**Records supplied:**
-------
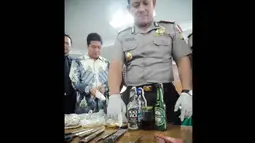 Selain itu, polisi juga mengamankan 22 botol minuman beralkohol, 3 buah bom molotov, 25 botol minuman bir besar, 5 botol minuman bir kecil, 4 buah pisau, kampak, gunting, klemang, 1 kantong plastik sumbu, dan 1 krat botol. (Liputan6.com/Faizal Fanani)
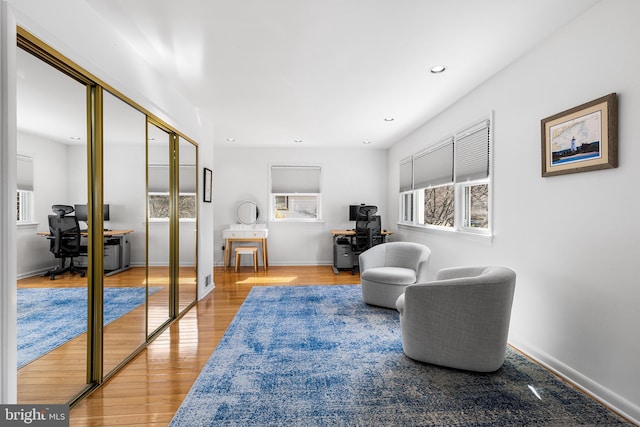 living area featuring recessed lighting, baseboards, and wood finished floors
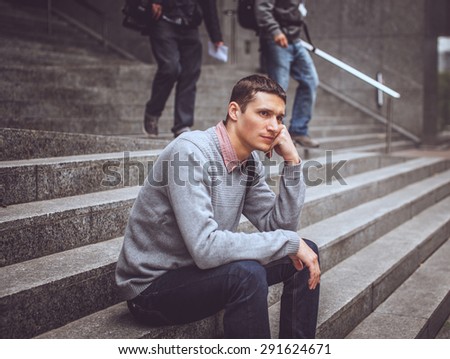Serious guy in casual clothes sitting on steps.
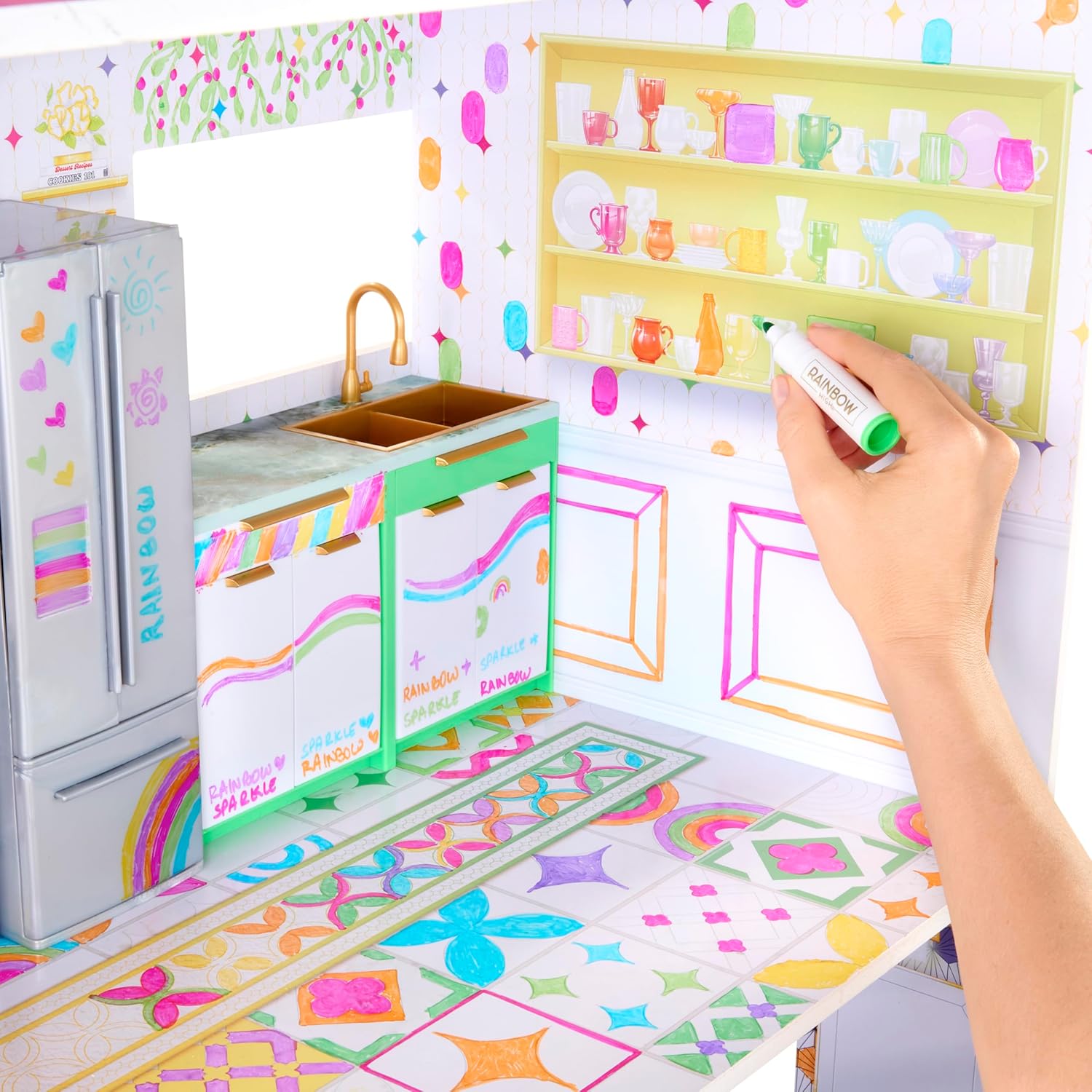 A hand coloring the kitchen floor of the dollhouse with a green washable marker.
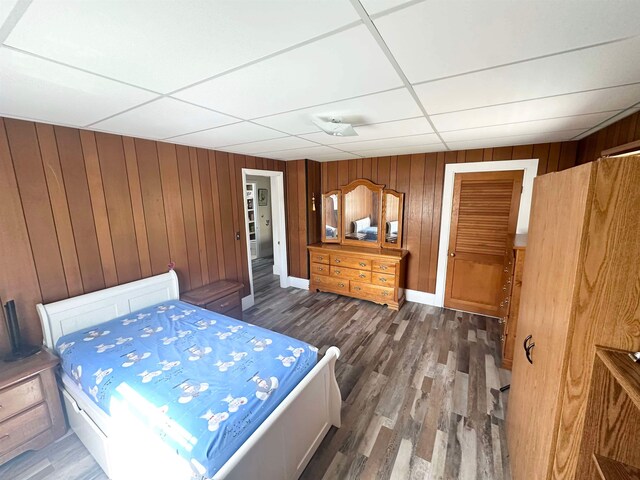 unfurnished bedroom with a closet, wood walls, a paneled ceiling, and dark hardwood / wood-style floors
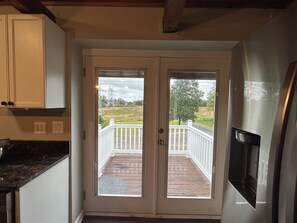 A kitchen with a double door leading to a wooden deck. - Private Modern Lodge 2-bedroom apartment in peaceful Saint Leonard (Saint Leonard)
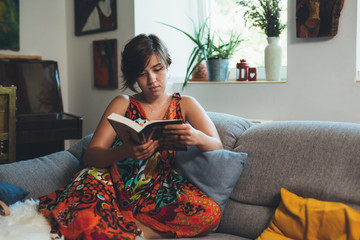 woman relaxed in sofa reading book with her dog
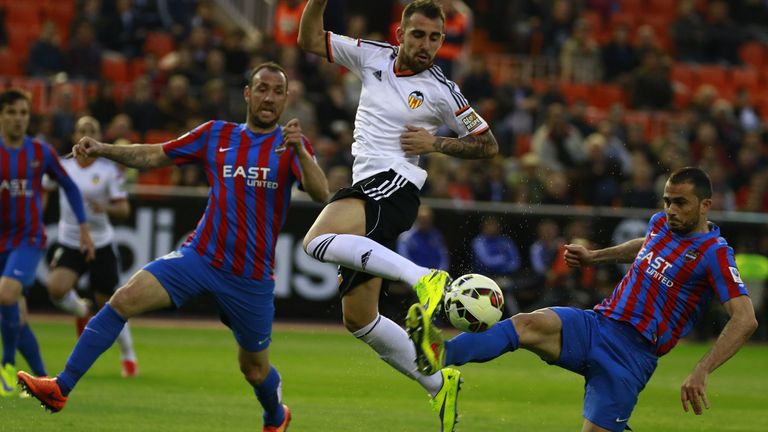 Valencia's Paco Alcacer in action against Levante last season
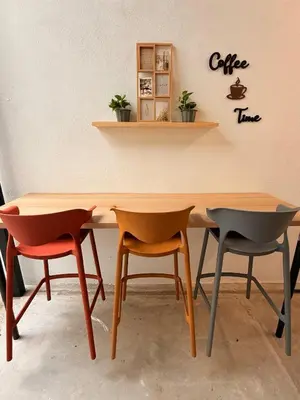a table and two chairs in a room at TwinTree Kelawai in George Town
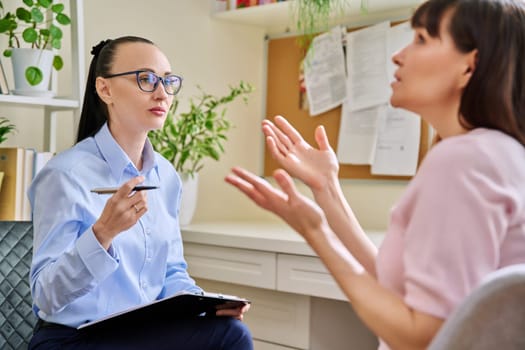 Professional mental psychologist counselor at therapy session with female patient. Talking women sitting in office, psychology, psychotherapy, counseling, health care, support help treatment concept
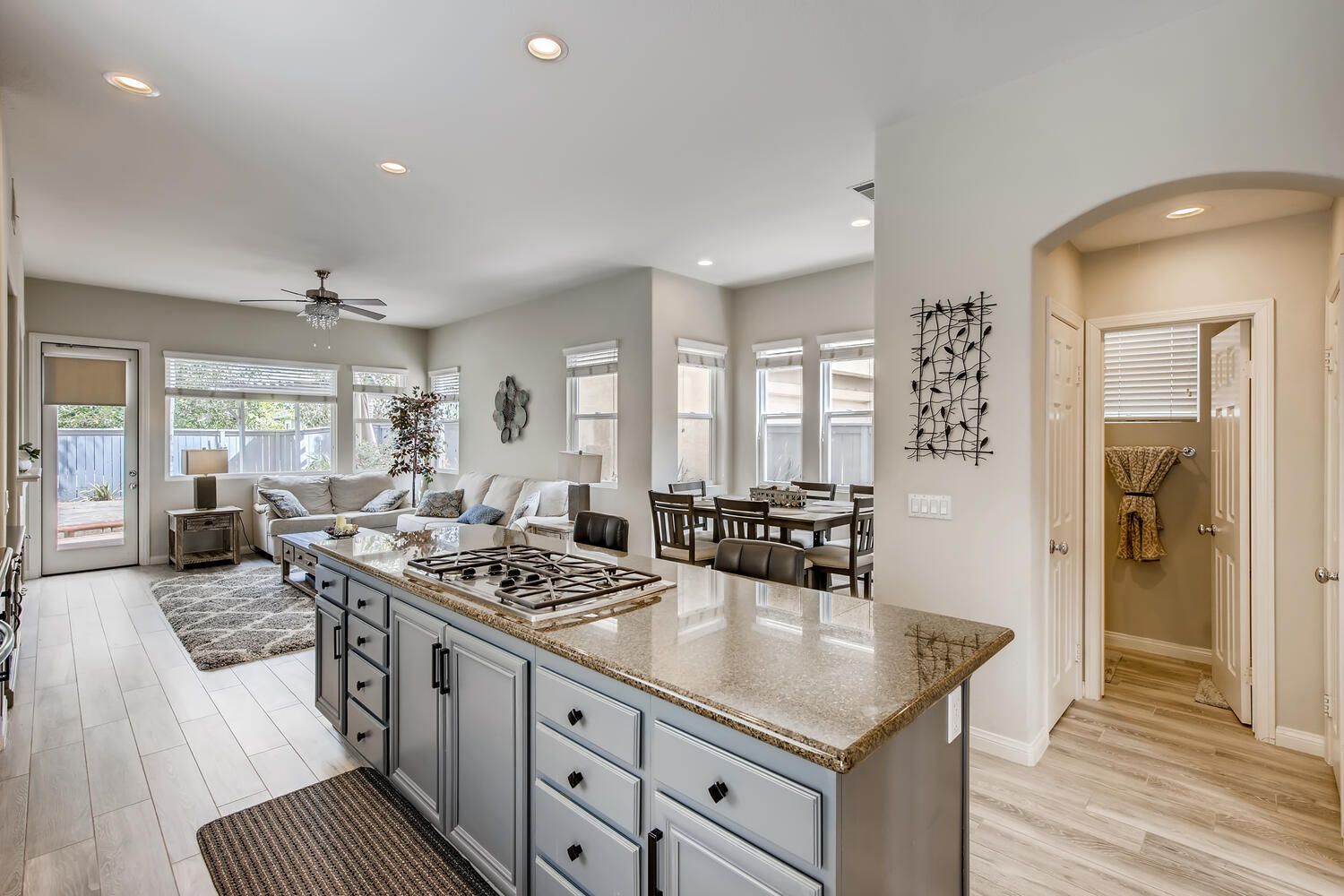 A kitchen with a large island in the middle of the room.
-------
**What to do:**
Reproduce the material word for word. Any pictures should be left out of the copy.

**Your solution:**
 Selain itu, polisi juga mengamankan 22 botol minuman beralkohol, 3 buah bom molotov, 25 botol minuman bir besar, 5 botol minuman bir kecil, 4 buah pisau, kampak, gunting, klemang, 1 kantong plastik sumbu, dan 1 krat botol. (Liputan6.com/Faizal Fanani)
 living area featuring recessed lighting, baseboards, and wood finished floors
Serious guy in casual clothes sitting on steps.
 A hand coloring the kitchen floor of the dollhouse with a green washable marker.
 unfurnished bedroom with a closet, wood walls, a paneled ceiling, and dark hardwood / wood-style floors
 A kitchen with a double door leading to a wooden deck. - Private Modern Lodge 2-bedroom apartment in peaceful Saint Leonard (Saint Leonard)
 woman relaxed in sofa reading book with her dog
 Valencia's Paco Alcacer in action against Levante last season
a table and two chairs in a room at TwinTree Kelawai in George Town
 Professional mental psychologist counselor at therapy session with female patient. Talking women sitting in office, psychology, psychotherapy, counseling, health care, support help treatment concept
 A kitchen with a large island in the middle of the room.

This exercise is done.